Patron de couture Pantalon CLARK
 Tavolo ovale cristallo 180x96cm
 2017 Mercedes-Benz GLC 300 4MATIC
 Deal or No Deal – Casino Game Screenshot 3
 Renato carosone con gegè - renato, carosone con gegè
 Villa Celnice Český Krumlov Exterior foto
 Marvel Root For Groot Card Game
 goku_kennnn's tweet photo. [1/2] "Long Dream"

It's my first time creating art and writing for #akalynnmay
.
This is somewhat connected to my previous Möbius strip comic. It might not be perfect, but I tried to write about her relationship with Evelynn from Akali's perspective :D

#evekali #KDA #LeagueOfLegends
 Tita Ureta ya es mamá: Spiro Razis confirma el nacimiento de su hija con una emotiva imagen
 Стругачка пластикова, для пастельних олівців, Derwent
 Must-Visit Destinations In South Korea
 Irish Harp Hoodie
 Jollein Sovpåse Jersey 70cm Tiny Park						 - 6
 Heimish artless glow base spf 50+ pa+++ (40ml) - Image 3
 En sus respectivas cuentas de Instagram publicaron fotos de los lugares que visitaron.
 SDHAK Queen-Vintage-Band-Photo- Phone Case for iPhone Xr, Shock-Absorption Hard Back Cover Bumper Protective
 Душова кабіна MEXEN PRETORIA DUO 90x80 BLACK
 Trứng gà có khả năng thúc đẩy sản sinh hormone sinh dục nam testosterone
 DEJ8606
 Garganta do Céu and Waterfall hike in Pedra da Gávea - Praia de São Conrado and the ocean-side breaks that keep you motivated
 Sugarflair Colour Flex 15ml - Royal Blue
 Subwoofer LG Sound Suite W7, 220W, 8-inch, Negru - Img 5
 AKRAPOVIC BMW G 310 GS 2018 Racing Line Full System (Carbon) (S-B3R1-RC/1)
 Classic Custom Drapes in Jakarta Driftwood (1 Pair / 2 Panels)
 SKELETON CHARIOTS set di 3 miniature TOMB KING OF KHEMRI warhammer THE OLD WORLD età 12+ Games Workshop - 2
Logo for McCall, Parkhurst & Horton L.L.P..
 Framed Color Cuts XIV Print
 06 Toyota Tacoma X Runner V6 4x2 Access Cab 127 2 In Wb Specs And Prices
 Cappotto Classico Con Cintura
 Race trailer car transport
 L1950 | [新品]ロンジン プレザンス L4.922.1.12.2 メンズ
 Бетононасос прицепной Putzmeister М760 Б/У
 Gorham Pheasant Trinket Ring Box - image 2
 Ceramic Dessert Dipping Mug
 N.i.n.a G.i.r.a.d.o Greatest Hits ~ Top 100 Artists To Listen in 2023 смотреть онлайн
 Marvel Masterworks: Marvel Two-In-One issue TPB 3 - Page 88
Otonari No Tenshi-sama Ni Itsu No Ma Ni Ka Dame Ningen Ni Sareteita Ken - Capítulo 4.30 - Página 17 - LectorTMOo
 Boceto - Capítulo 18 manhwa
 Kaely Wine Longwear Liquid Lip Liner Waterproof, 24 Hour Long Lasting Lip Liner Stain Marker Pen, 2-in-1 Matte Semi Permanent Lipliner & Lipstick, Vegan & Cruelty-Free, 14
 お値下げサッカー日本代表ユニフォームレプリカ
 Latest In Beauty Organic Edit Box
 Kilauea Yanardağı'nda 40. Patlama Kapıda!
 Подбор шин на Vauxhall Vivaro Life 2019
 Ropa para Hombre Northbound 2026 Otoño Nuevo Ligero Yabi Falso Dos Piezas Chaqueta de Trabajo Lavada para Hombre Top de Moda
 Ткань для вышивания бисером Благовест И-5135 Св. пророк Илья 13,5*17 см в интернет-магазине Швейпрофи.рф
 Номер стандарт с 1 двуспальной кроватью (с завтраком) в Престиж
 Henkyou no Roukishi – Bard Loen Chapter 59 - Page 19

### Directions for this task
Could you reproduce all of the entries above exactly?

### Solved exercise
Patron de couture Pantalon CLARK
 Tavolo ovale cristallo 180x96cm
 2017 Mercedes-Benz GLC 300 4MATIC
 Deal or No Deal – Casino Game Screenshot 3
 Renato carosone con gegè - renato, carosone con gegè
 Villa Celnice Český Krumlov Exterior foto
 Marvel Root For Groot Card Game
 goku_kennnn's tweet photo. [1/2] "Long Dream"

It's my first time creating art and writing for #akalynnmay
.
This is somewhat connected to my previous Möbius strip comic. It might not be perfect, but I tried to write about her relationship with Evelynn from Akali's perspective :D

#evekali #KDA #LeagueOfLegends
 Tita Ureta ya es mamá: Spiro Razis confirma el nacimiento de su hija con una emotiva imagen
 Стругачка пластикова, для пастельних олівців, Derwent
 Must-Visit Destinations In South Korea
 Irish Harp Hoodie
 Jollein Sovpåse Jersey 70cm Tiny Park						 - 6
 Heimish artless glow base spf 50+ pa+++ (40ml) - Image 3
 En sus respectivas cuentas de Instagram publicaron fotos de los lugares que visitaron.
 SDHAK Queen-Vintage-Band-Photo- Phone Case for iPhone Xr, Shock-Absorption Hard Back Cover Bumper Protective
 Душова кабіна MEXEN PRETORIA DUO 90x80 BLACK
 Trứng gà có khả năng thúc đẩy sản sinh hormone sinh dục nam testosterone
 DEJ8606
 Garganta do Céu and Waterfall hike in Pedra da Gávea - Praia de São Conrado and the ocean-side breaks that keep you motivated
 Sugarflair Colour Flex 15ml - Royal Blue
 Subwoofer LG Sound Suite W7, 220W, 8-inch, Negru - Img 5
 AKRAPOVIC BMW G 310 GS 2018 Racing Line Full System (Carbon) (S-B3R1-RC/1)
 Classic Custom Drapes in Jakarta Driftwood (1 Pair / 2 Panels)
 SKELETON CHARIOTS set di 3 miniature TOMB KING OF KHEMRI warhammer THE OLD WORLD età 12+ Games Workshop - 2
Logo for McCall, Parkhurst & Horton L.L.P..
 Framed Color Cuts XIV Print
 06 Toyota Tacoma X Runner V6 4x2 Access Cab 127 2 In Wb Specs And Prices
 Cappotto Classico Con Cintura
 Race trailer car transport
 L1950 | [新品]ロンジン プレザンス L4.922.1.12.2 メンズ
 Бетононасос прицепной Putzmeister М760 Б/У
 Gorham Pheasant Trinket Ring Box - image 2
 Ceramic Dessert Dipping Mug
 N.i.n.a G.i.r.a.d.o Greatest Hits ~ Top 100 Artists To Listen in 2023 смотреть онлайн
 Marvel Masterworks: Marvel Two-In-One issue TPB 3 - Page 88
Otonari No Tenshi-sama Ni Itsu No Ma Ni Ka Dame Ningen Ni Sareteita Ken - Capítulo 4.30 - Página 17 - LectorTMOo
 Boceto - Capítulo 18 manhwa
 Kaely Wine Longwear Liquid Lip Liner Waterproof, 24 Hour Long Lasting Lip Liner Stain Marker Pen, 2-in-1 Matte Semi Permanent Lipliner & Lipstick, Vegan & Cruelty-Free, 14
 お値下げサッカー日本代表ユニフォームレプリカ
 Latest In Beauty Organic Edit Box
 Kilauea Yanardağı'nda 40. Patlama Kapıda!
 Подбор шин на Vauxhall Vivaro Life 2019
 Ropa para Hombre Northbound 2026 Otoño Nuevo Ligero Yabi Falso Dos Piezas Chaqueta de Trabajo Lavada para Hombre Top de Moda
 Ткань для вышивания бисером Благовест И-5135 Св. пророк Илья 13,5*17 см в интернет-магазине Швейпрофи.рф
 Номер стандарт с 1 двуспальной кроватью (с завтраком) в Престиж
 Henkyou no Roukishi – Bard Loen Chapter 59 - Page 19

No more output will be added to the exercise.